Emerging models in dentistry help new practitioners

2009 12 11 14 00 01 405 Second Opinion

Early on, I knew I wanted to become a dentist. I always knew I wanted to help people achieve better health, and when I realized how much can ride on one's oral health -- both physically and cosmetically -- I realized dentistry was the field for me.

After completing years of prerequisite learning and four years of dental school, I was thrilled by the idea of putting my education into practice by helping children and families in Pflugerville, TX. However, I will never forget the feeling of panic that hit when I fully realized the scope of costs and nonclinical responsibilities involved with opening a dental practice. And I wasn't alone -- today's generation of dental school graduates faces a wealth of financial and logistical challenges unmet by dentists who were starting out decades ago.

Among my concerns: I faced school debt of $250,000 and was looking at start-up costs of $400,000 to open a new practice.
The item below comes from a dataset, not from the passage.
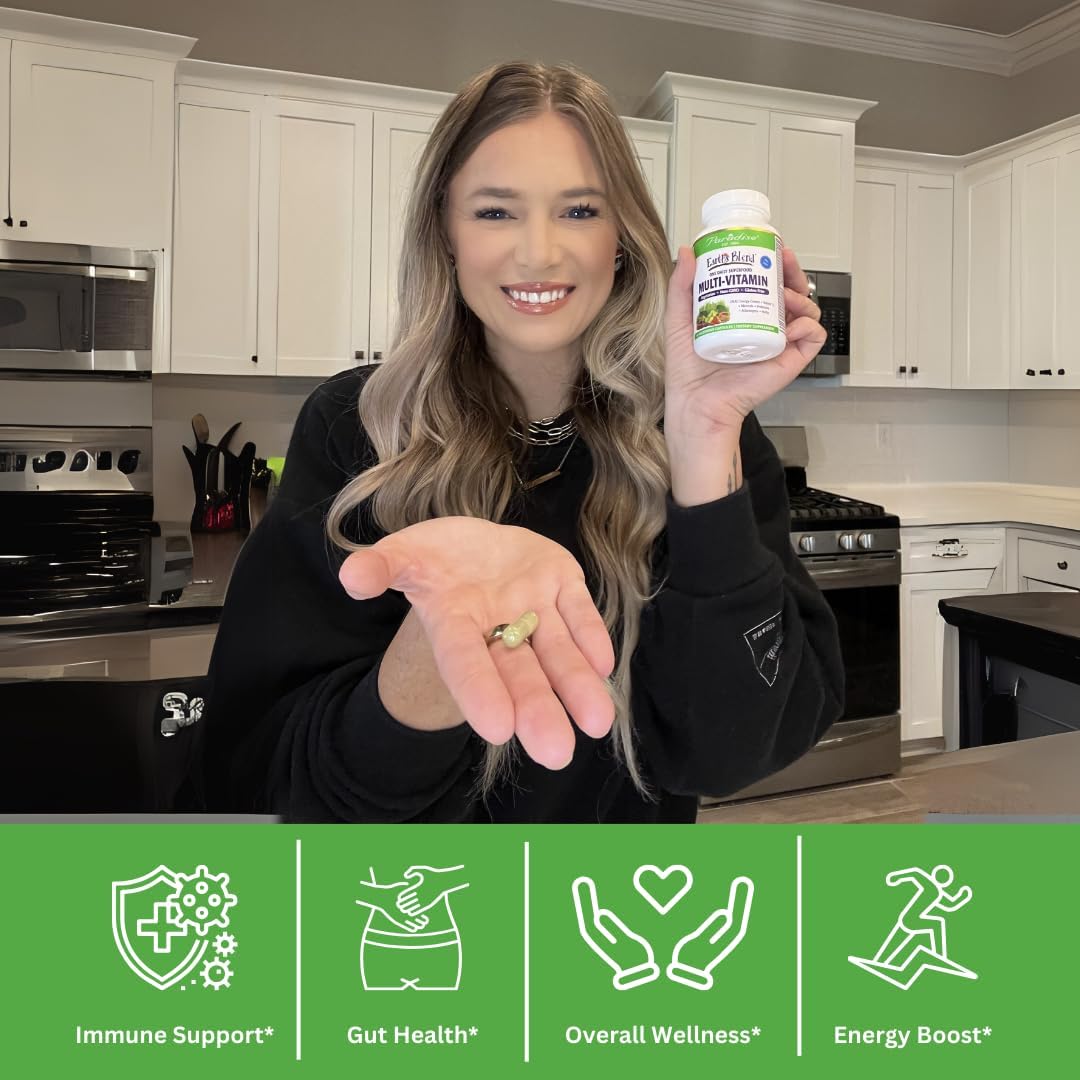 Women's Daily Multivitamin with Iron, Probiotics, Antioxidants, and 48 Organic Superfoods - 30 Capsules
I was going to be on my own when it came to reaching out to the community and attracting new patients, marketing my services, and handling the administrative functions of staffing and procuring new office equipment. Not to mention that with our ever-changing federal and state healthcare regulations, I was not sure how the dentistry payment system might change once I even had my start-up funding in place.

Patient-focused practice

Fortunately, I was able to learn about and join a practice supported by a model of care that is helping new dentists avoid many of the common pitfalls associated with starting a solo practice. By providing affiliated dental offices with specialized business services related to accounting, billing, collections, and other administrative tasks, dental service organizations (DSOs) allow new dentists to focus their time on what made them love dentistry in the first place: helping patients.

As opposed to the typical dentist beginning to practice on his or her own with substantial start-up costs, a new dentist affiliating with a DSO can immediately begin practicing and earning income with significantly reduced costs. There is around-the-clock professional support to help successfully manage the business end of a thriving dental practice -- all the while avoiding considerable administrative headaches. In this environment, a new dentist can draw upon a network of leading dentists to provide onsite consultation, workshops, and courses on the latest clinical techniques and technological offerings. And if he or she wants to pursue ownership of the practice, the opportunity is there to do so.
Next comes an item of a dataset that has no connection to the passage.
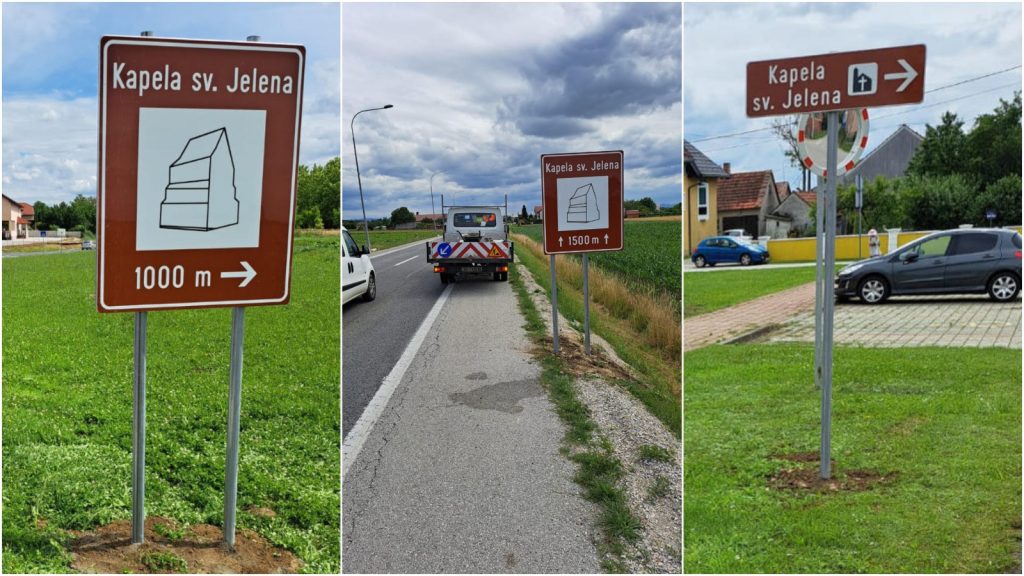 putokaz kapela sv. Jelene Šenkovec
There are also personal benefits to contracting with a DSO. Unlike dentists who, in addition to providing clinical care, have to juggle the management aspects of a practice, my work ends when I leave the office. I don't have the stress of management constantly on my mind. I only need to worry about treating my patients, and working with a DSO allows me to concentrate 100% of my time and energy on them while I am in the office.

This model of care is not just good for dentists -- it's good for their patients, too. Patients are able to more readily access care thanks to DSO-supported practices in vast areas of underserved and rural areas throughout the U.S. Patients receive treatment from top-notch practitioners in offices equipped with the latest technologies.

As affiliations with DSOs continue to successfully expand, I believe we will see substantially positive results when it comes to meeting more patients' care needs, supporting more young dentists, and attracting additional recruits to our profession. By offering assistance in meeting newer practitioners' administrative, financial, and educational needs, this model of care has the potential to make the customary challenges associated with starting out in dentistry a thing of the past.

Benjamin Poest, DDS, is a practicing dentist at Pflugerville Modern Dentistry in Pflugerville, TX, which works in conjunction with Pacific Dental Services.

The comments and observations expressed herein do not necessarily reflect the opinions of DrBicuspid.com, nor should they be construed as an endorsement or admonishment of any particular idea, vendor, or organization.